CommonCrawler
CommonCrawler copied to clipboard
Accessibile as a CLI binary.
Summary
Make this program both accessible via Golang and Terminal. Ensure that it works correctly in the terminal.
Requirements
-
Must have a download archive feature so that you can get latest entries from 2019 and beyond.
-
Must download files autonomously from a certain date range.
-
Must be able to extract compressed
.wetfiles. -
Please review the
README.mdfor the proposed functionality.
Payment
- Once #10 is complete, the bounty for this will increase to 2.5
Issue Status: 1. Open 2. Started 3. Submitted 4. Done
This issue now has a funding of 0.5 ETH (67.12 USD @ $134.25/ETH) attached to it as part of the AccessibleSoftware fund.
- If you would like to work on this issue you can 'start work' on the Gitcoin Issue Details page.

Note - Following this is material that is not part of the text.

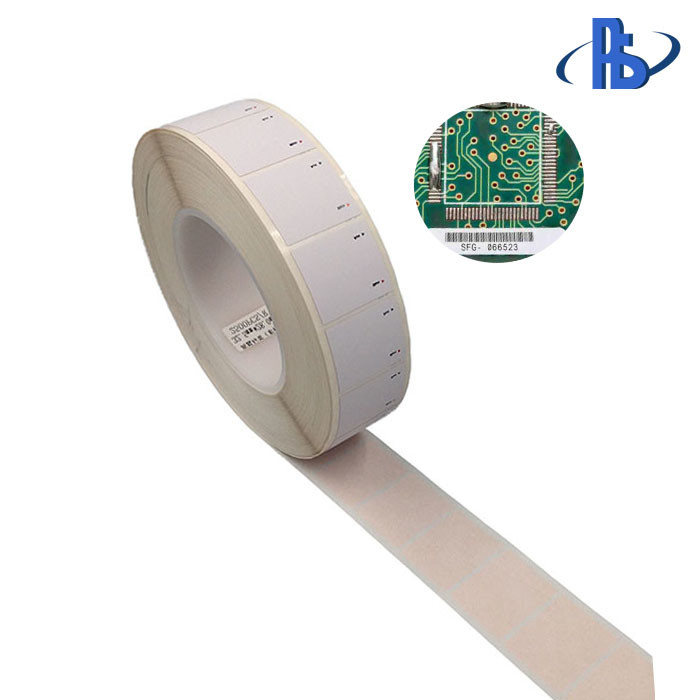 Heat Resistant Polyimide Labels , Pressure Sensitive Security Seal Stickers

- Want to chip in? Add your own contribution here.
- Questions? Checkout Gitcoin Help or the Gitcoin Slack
- $50,186.80 more funded OSS Work available on the Gitcoin Issue Explorer
@zyfrank, great, let me know if you have any questions. 💯 I'll be posting more work later!~
@ChrisCates, I make a first investigation, I think what I can do are:
-
use cobra to enhance config
-
I think we can have two commands: first is download (which include download and unzip files), second is analyze. So you can download in one time and make analyze on another time .
What's is your opinion?
@zyfrank, for the CLI tool it only needs to be able to download any common crawl file (and also navigate files by historical date) plus unzip.
The analyze tool is just used as a demo and will be moved to goveralls which I will assign to another task and bounty in issue #1
@zyfrank, you can use this as a reference: https://commoncrawl.s3.amazonaws.com/ for navigating files in common crawl.

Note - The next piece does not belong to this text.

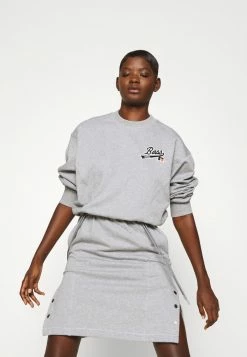 Boss X Russell Athletic EYONA - Day Dress - Grey -BOSS Sales Store 0af0d5c25b3d4a04ae9e2da7fa21ff1a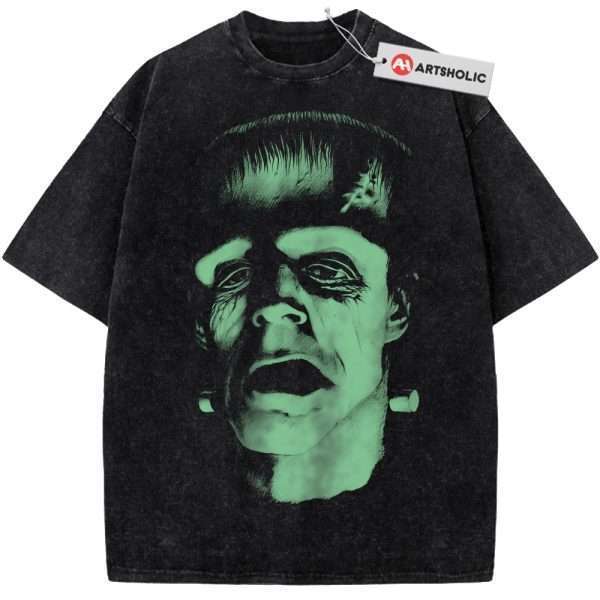 Frankenstein Shirt, Halloween Shirt, Horror Shirt, Vintage T-Shirt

If this goes well. I will be adding another bounty for 1 ETH on the goveralls issue (#1) next week if you'd like to take it.
Issue Status: 1. Open 2. Started 3. Submitted 4. Done
Work for 0.5 ETH (68.81 USD @ $137.61/ETH) has been submitted by:
@ChrisCates please take a look at the submitted work:
- PR by @zyfrank
- Learn more on the Gitcoin Issue Details page
- Want to chip in? Add your own contribution here.
- Questions? Checkout Gitcoin Help or the Gitcoin Slack
- $51,738.31 more funded OSS Work available on the Gitcoin Issue Explorer
seems travis has authentication error
Is this issue already closed or should someone still work on it?
Hi @pedrojor2,
If @zyfrank is up to retrying. I think he should still get a chance. If not, happy for you to try.
I actually do want to refactor this repository. Simply so that the formatting is better and easier to use. I'm not sure if @zyfrank completely understood what my intention was in order to build it into a CLI executable.
I am looking to allocate a couple of hours this Friday.
Issue Status: 1. Open 2. Started 3. Submitted 4. Done
Work has been started.
These users each claimed they can complete the work by 7Â months, 4Â weeks ago. Please review their action plans below:
1) josprachi has started work.
I am learning Golang. I want to work on this issue 2) jay-dee7 has started work.
i've been working with go for 2 years now and also expert in docker containers and tooling.
Learn more on the Gitcoin Issue Details page.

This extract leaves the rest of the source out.